▸ **What this task involves**
Write every line of the material again exactly, with no pictures in the copy.

▸ **Data excerpt**
----------

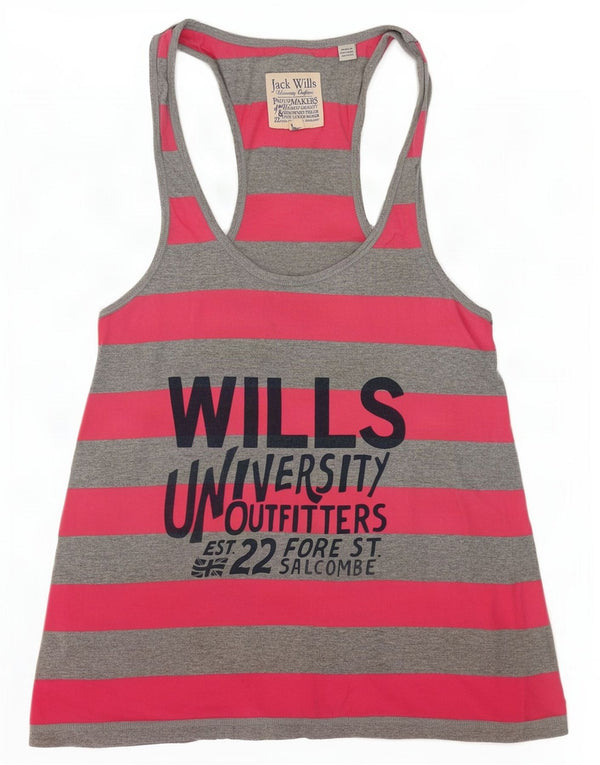 Jack Wills Ženski grafički prsluk UK 8 Mali sivi prugasti pamuk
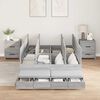 vidaXL Cama con almacenamiento Gris Sonoma 120 cm Madera contrachapada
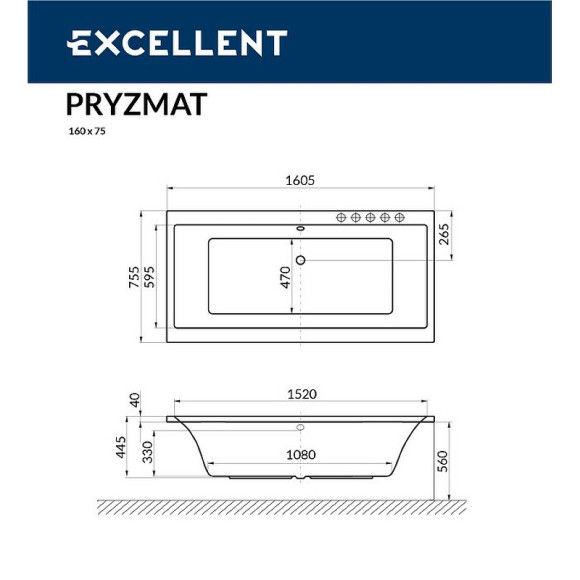 Акриловая ванна Excellent Pryzmat 160x75 WAEX.PRY16.LINE.CR с гидромассажем Акриловая ванна Excellent Pryzmat 160x75 WAEX.PRY16.LINE.CR с гидромассажем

----------

▸ **Solution to this exercise**
 Jack Wills Ženski grafički prsluk UK 8 Mali sivi prugasti pamuk
 vidaXL Cama con almacenamiento Gris Sonoma 120 cm Madera contrachapada
 Акриловая ванна Excellent Pryzmat 160x75 WAEX.PRY16.LINE.CR с гидромассажем Акриловая ванна Excellent Pryzmat 160x75 WAEX.PRY16.LINE.CR с гидромассажем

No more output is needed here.